18

I am currently looking into ways of using the fast single-precision floating-point reciprocal capability of various modern processors to compute a starting approximation for a 64-bit unsigned integer division based on fixed-point Newton-Raphson iterations. It requires computation of 264 / divisor, as accurately as possible, where the initial approximation must be smaller than, or equal to, the mathematical result, based on the requirements of the following fixed-point iterations. This means this computation needs to provide an underestimate. I currently have the following code, which works well, based on extensive testing:

#include <stdint.h> // import uint64_t
#include <math.h> // import nextafterf()

uint64_t divisor, recip;
float r, s, t;

t = uint64_to_float_ru (divisor); // ensure t >= divisor
r = 1.0f / t;
s = 0x1.0p64f * nextafterf (r, 0.0f);
recip = (uint64_t)s; // underestimate of 2**64 / divisor 

While this code is functional, it isn't exactly fast on most platforms. One obvious improvement, which requires a bit of machine-specific code, is to replace the division r = 1.0f / t with code that makes use of a fast floating-point reciprocal provided by the hardware. This can be augmented with iteration to produce a result that is within 1 ulp of the mathematical result, so an underestimate is produced in the context of the existing code. A sample implementation for x86_64 would be:

#include <xmmintrin.h>
/* Compute 1.0f/a almost correctly rounded. Halley iteration with cubic convergence */
inline float fast_recip_f32 (float a)
{
    __m128 t;
    float e, r;
    t = _mm_set_ss (a);
    t = _mm_rcp_ss (t);
    _mm_store_ss (&r, t);
    e = fmaf (r, -a, 1.0f);
    e = fmaf (e, e, e);
    r = fmaf (e, r, r);
    return r;
}

Implementations of nextafterf() are typically not performance optimized. On platforms where there are means to quickly re-interprete an IEEE 754 binary32 into an int32 and vice versa, via intrinsics float_as_int() and int_as_float(), we can combine use of nextafterf() and scaling as follows:

s = int_as_float (float_as_int (r) + 0x1fffffff);

Assuming these approaches are possible on a given platform, this leaves us with the conversions between float and uint64_t as major obstacles.

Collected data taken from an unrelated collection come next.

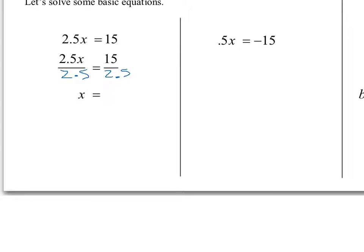This is the work I want you to show to prove you understand this concept. When we were doing additions, we put an arrow through it and wrote a 0. When we're doing a division, something divided by itself is 1. Now we have 1 times x. What property can we use? It's the multiplicative identity — 1 times x is just x.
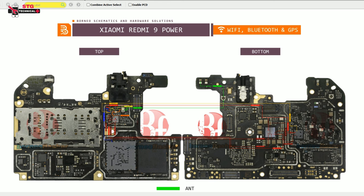Hello, welcome back to my YouTube channel. Today, we are going to know about Redmi 9 Power. In this case, we don't work Wi-Fi, Bluetooth and GPS.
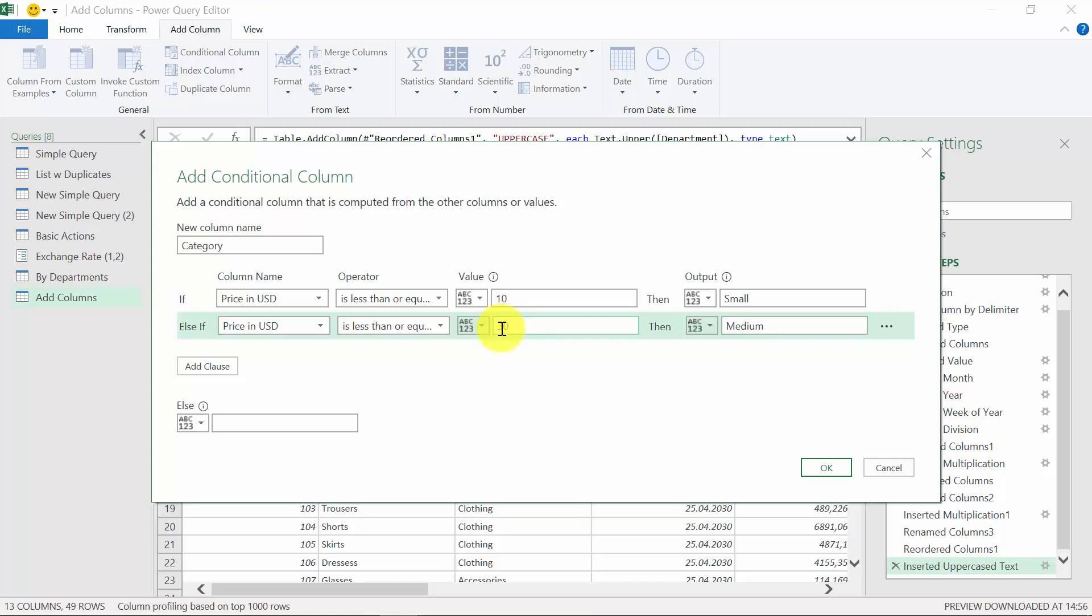So whether it's below 30 but above 10, and for those, it will have medium category assigned. And the last one will be simply big. So we can just type it here below. We press OK.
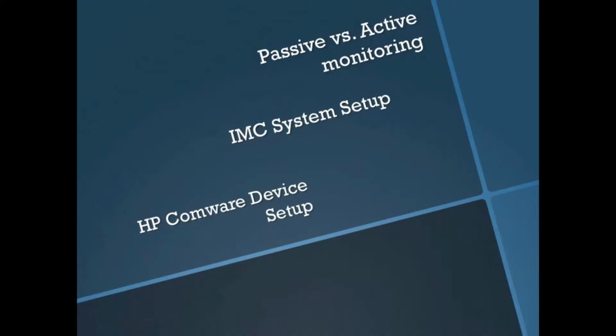Today we're going to be talking about setting up basic device monitoring. One of the most important things to understand first is passive versus active monitoring. Passive being when the IMC and or the NMS is actually going out and asking the device, tell me how many packets you've got going through your interfaces, tell me how you're doing.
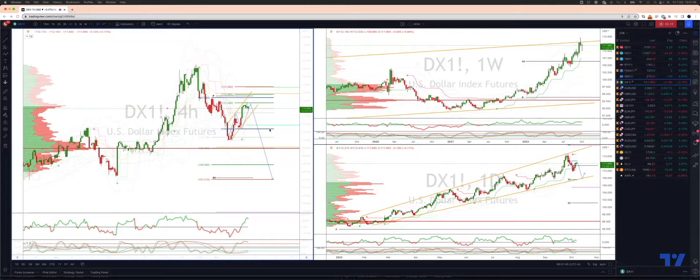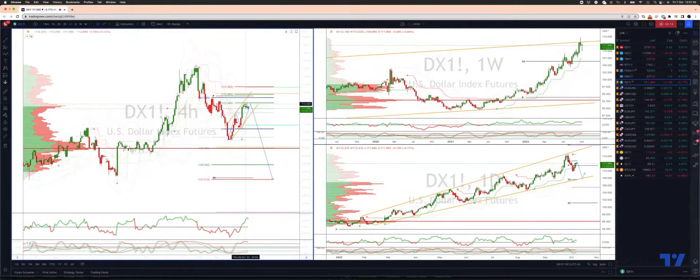We have traded into the equality objective from the swing low 1.1070 to 1.1234. You can see a nice bearish rejection there.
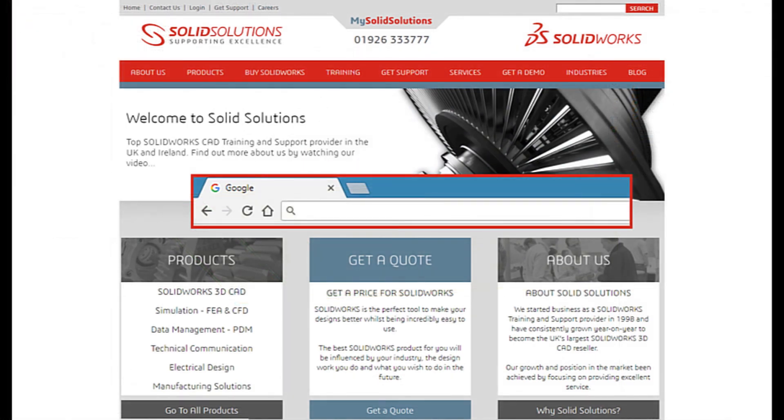For more information, please visit our website at www.solidsolutions.co.uk. Thank you.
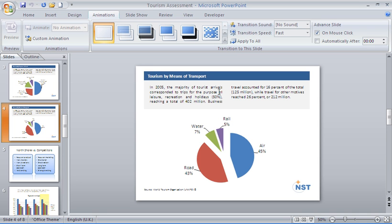Hello and welcome to another video tutorial from ComputerGaga.com. This tutorial will look at applying animation to charts in PowerPoint.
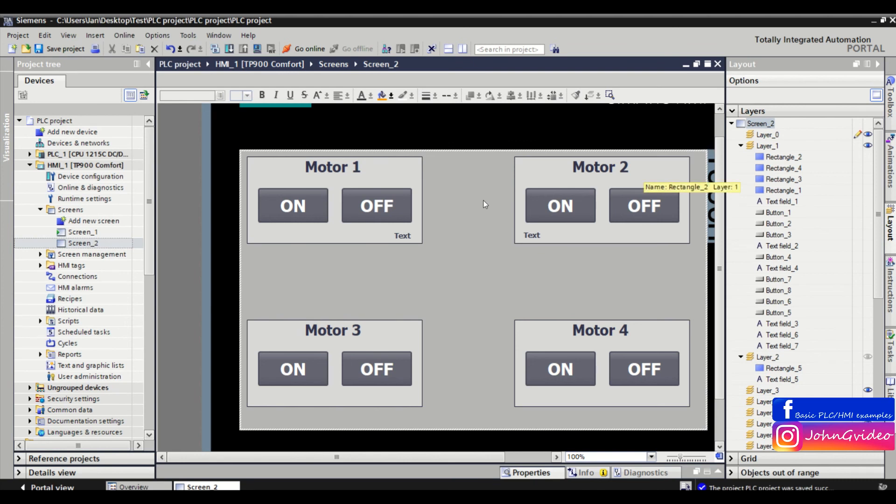So in this video, you've seen how you can easily change the layer of objects on your HMI screen. Thank you for watching and goodbye.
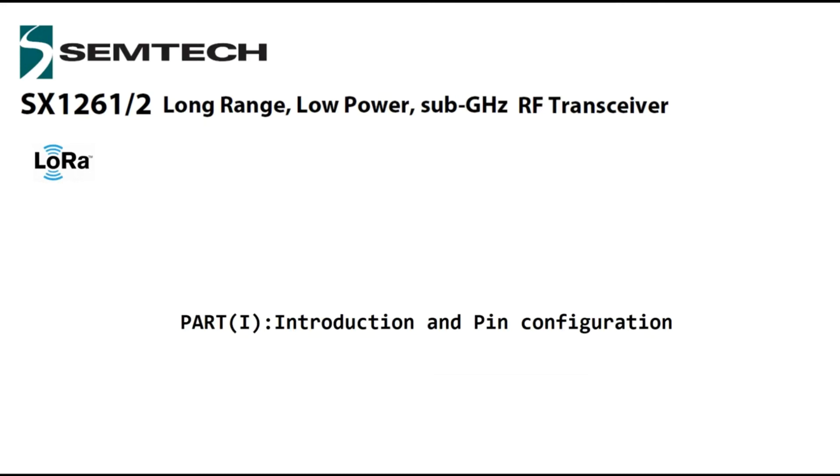Hi, in this series of videos I'm going to explain the RF transceiver LoRa chipset which is designed by Semtech company. The manufacturer part number is SX1262. The first part of these videos is about introduction and pin configuration. Let's get started.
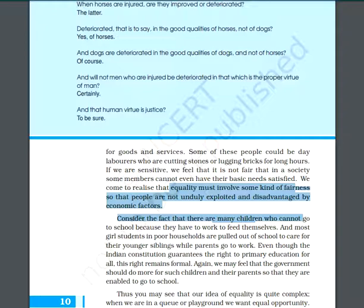That is why the Indian constitution provides the right to primary education to all. Yet that right remains formal, and we feel that the government should do more for children and their parents who are unable to send them to school. We must look at everyone and revisit the definition of equality.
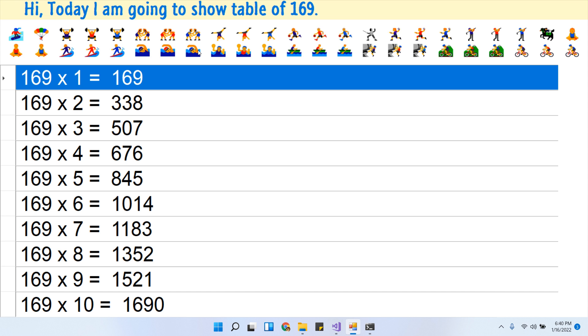169 times 5 is 845. 169 times 6 is 1014.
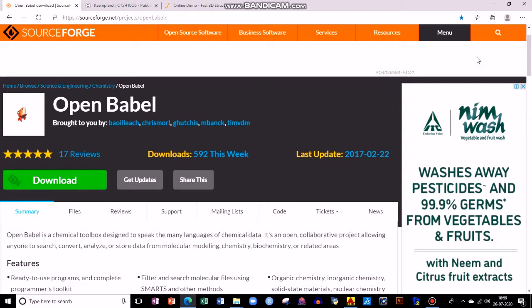This software is available online. You can just type OpenBabel online and use it. I usually prefer offline. Now we'll look into how to download it. I'll provide the link in the description box. You can directly click on download and extract the file.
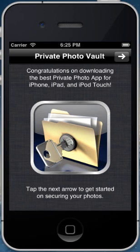Hi, this is William Seidel, the creator of Private Photo Vault. Today, in this video, I'll be showing you how to set up Private Photo Vault on your phone and get everything up and running.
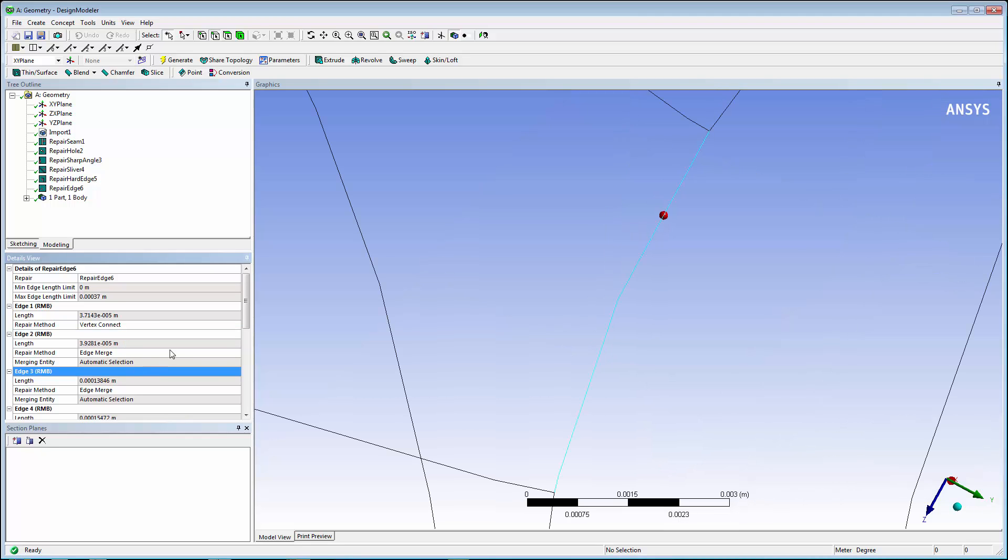This concludes this demonstration of how to clean and repair geometry models using Design Modeler.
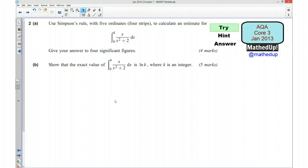This is question number 2 from the AQA Core 3 January 2013 exam paper. For the first part of this video I'd like you to see if you can try the question for yourself, so if you'd like to pause the video now and give it a go.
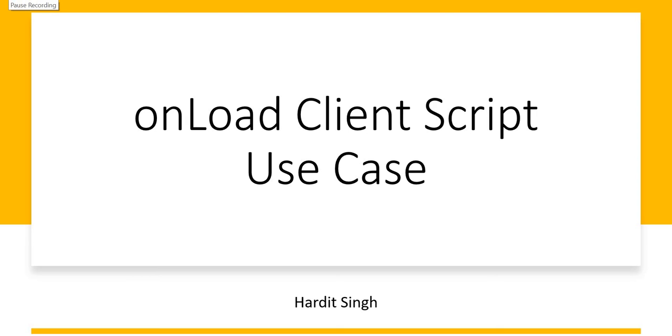Hello everyone, in this video we will be looking at an onload client script use case which you can use as practice after you have learned client scripts in ServiceNow, or it can be used as a real world example where I have seen many people using this script to make their forms read-only.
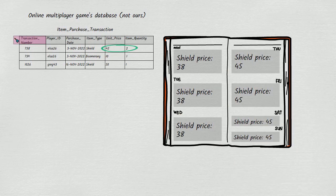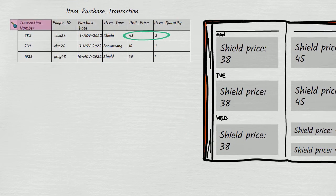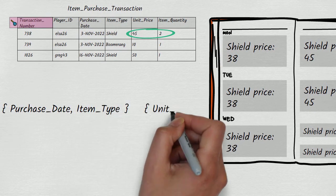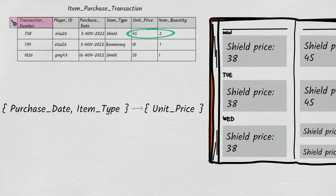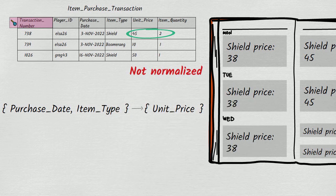We can express this rule as a dependency. Unit price depends on the combination of purchase date and item type. Because of the dependency of unit price on something that isn't the primary key, namely the combination of purchase date and item type, the table is not in 3rd normal form. And not being in 3rd normal form means there is a risk that contradictory data could creep into the table.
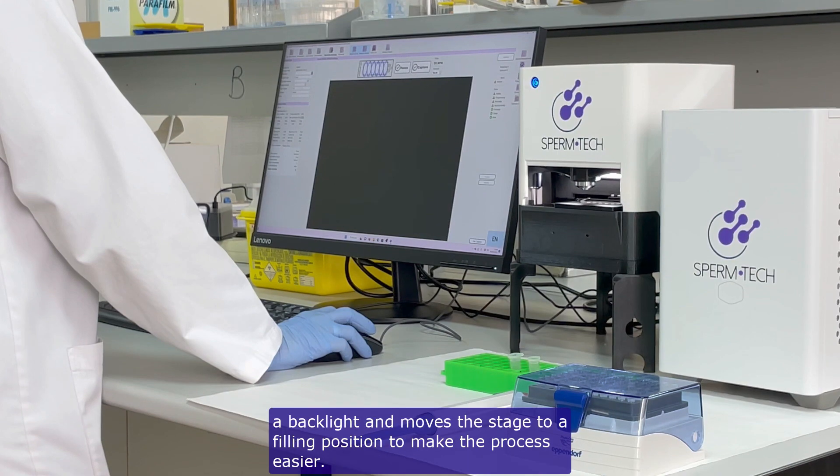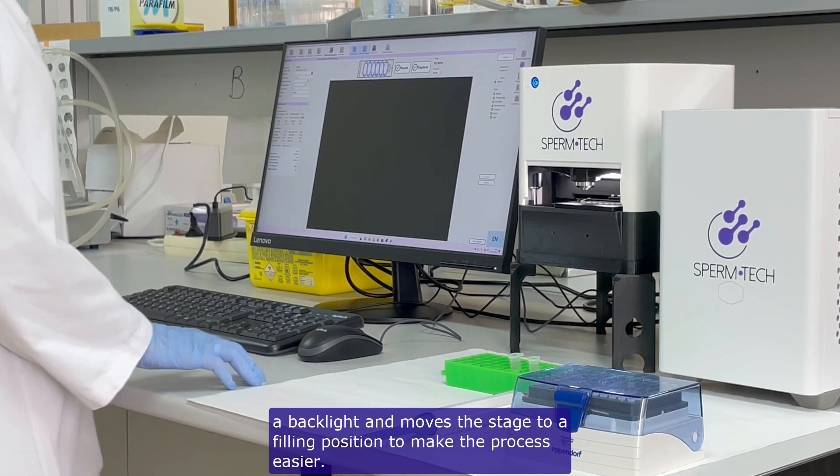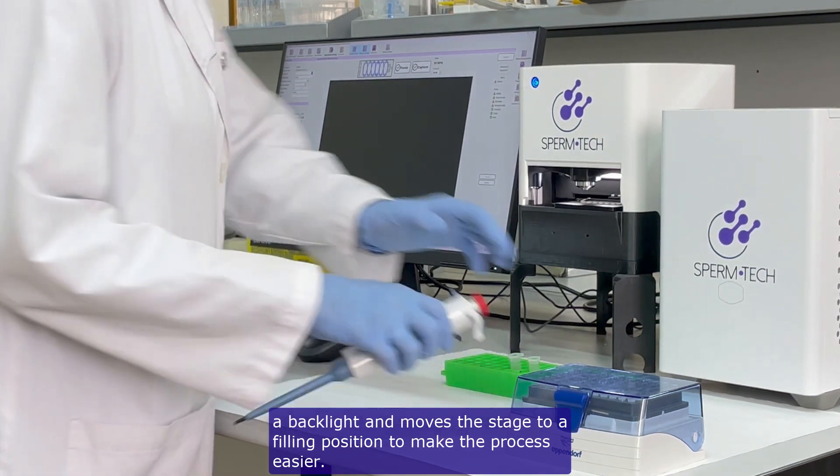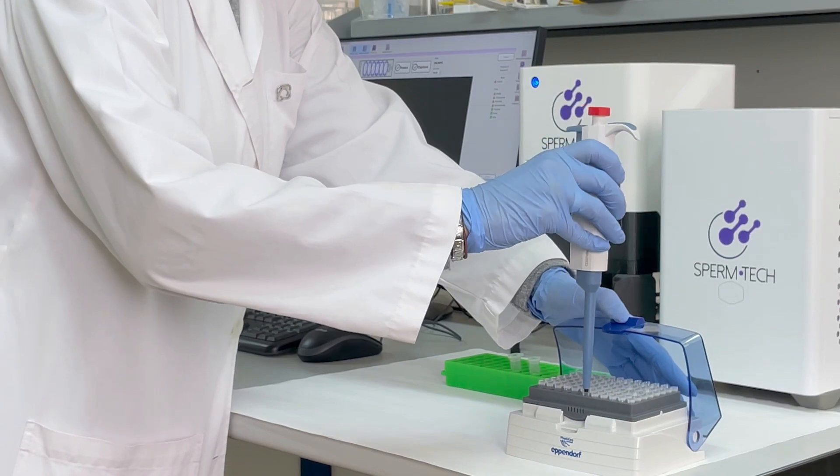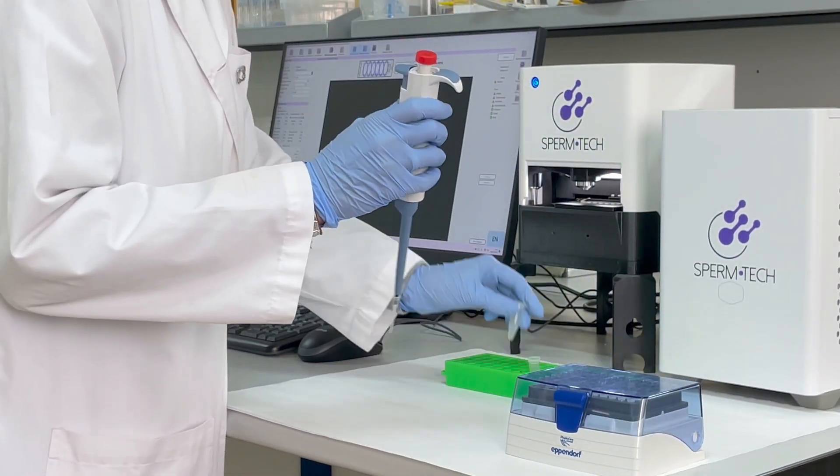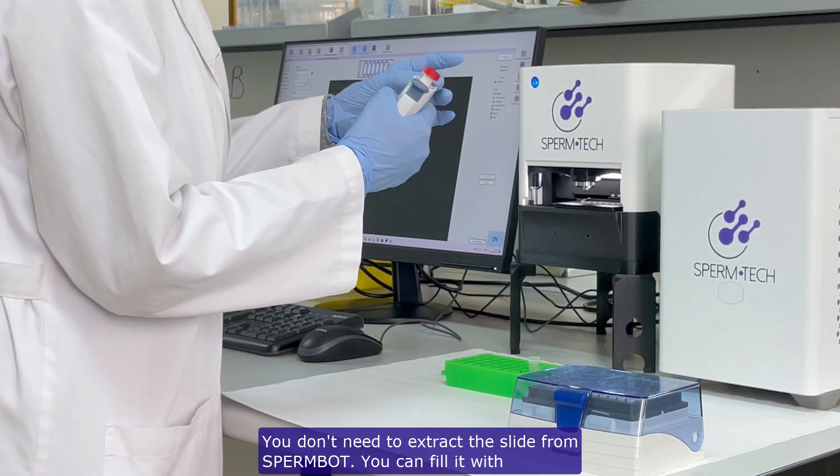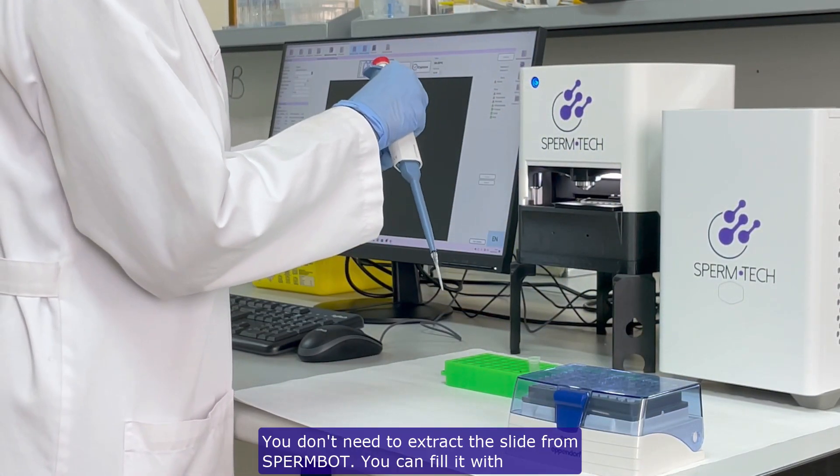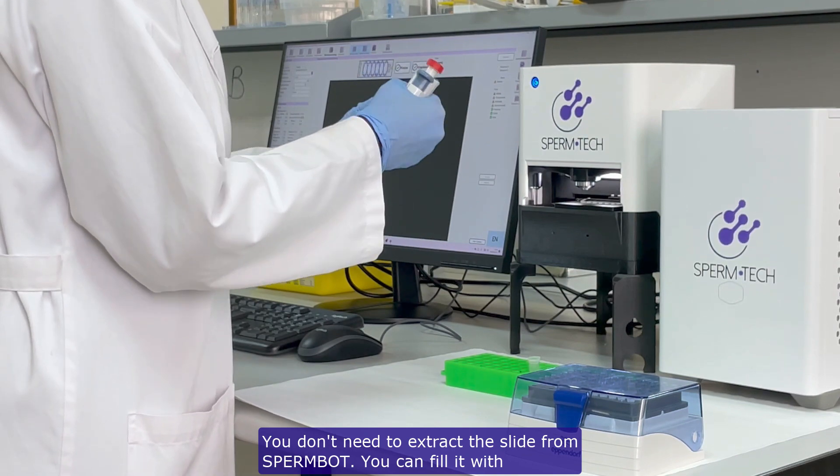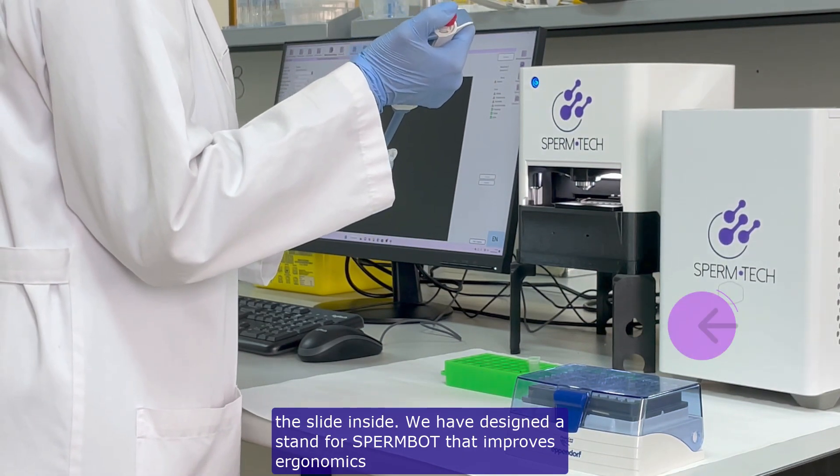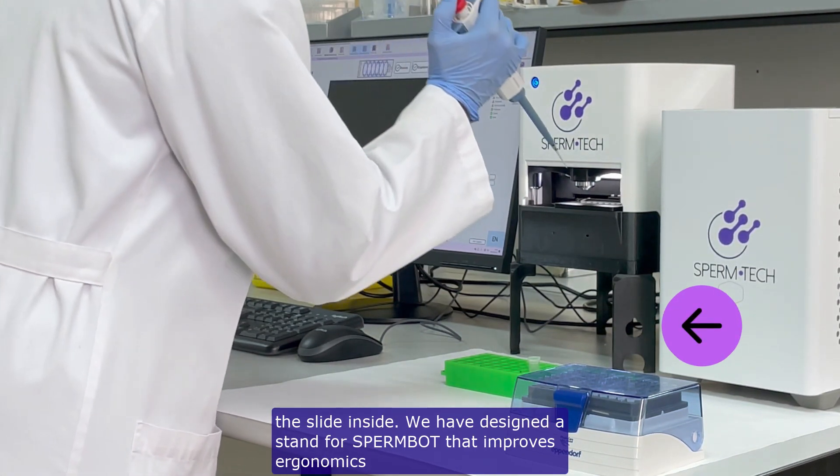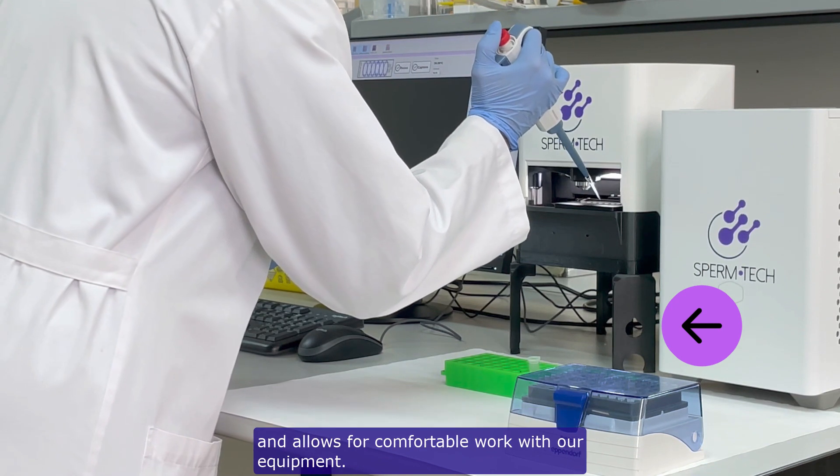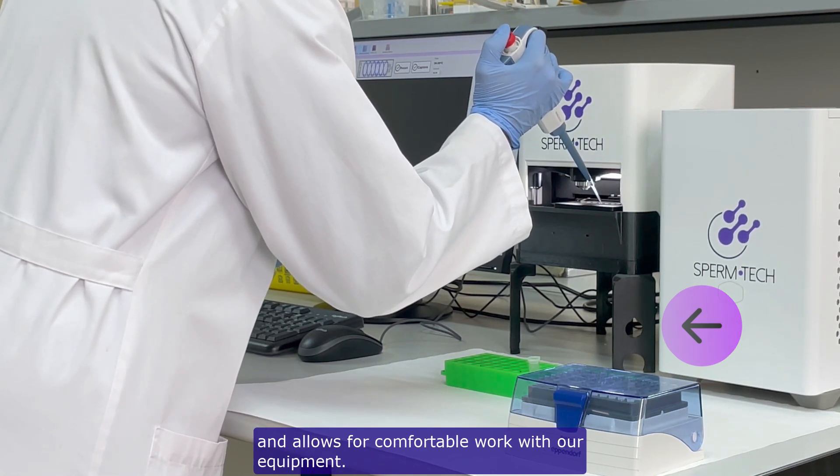Spermbot switches on a backlight and moves the stage to a filling position to make the process easier. You don't need to extract the slide from Spermbot. You can fill it with the slide inside. We have designed a stand for Spermbot that improves ergonomics and allows for comfortable work with our equipment.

Most platforms don't provide an instruction that performs a conversion from uint64_t to float with static rounding mode (here: towards positive infinity = up), and some don't offer any instructions to convert between uint64_t and floating-point types, making this a performance bottleneck.

t = uint64_to_float_ru (divisor);
r = fast_recip_f32 (t);
s = int_as_float (float_as_int (r) + 0x1fffffff);
recip = (uint64_t)s; /* underestimate of 2**64 / divisor */

A portable, but slow, implementation of uint64_to_float_ru uses dynamic changes to FPU rounding mode:

#include <fenv.h>
#pragma STDC FENV_ACCESS ON

float uint64_to_float_ru (uint64_t a)
{
    float res;
    int curr_mode = fegetround ();
    fesetround (FE_UPWARD);
    res = (float)a;
    fesetround (curr_mode);
    return res;
}

I have looked into various splitting and bit-twiddling approaches to deal with the conversions (e.g. do the rounding on the integer side, then use a normal conversion to float which uses the IEEE 754 rounding mode round-to-nearest-or-even), but the overhead this creates makes this computation via fast floating-point reciprocal unappealing from a performance perspective. As it stands, it looks like I would be better off generating a starting approximation by using a classical LUT with interpolation, or a fixed-point polynomial approximation, and follow those up with a 32-bit fixed-point Newton-Raphson step.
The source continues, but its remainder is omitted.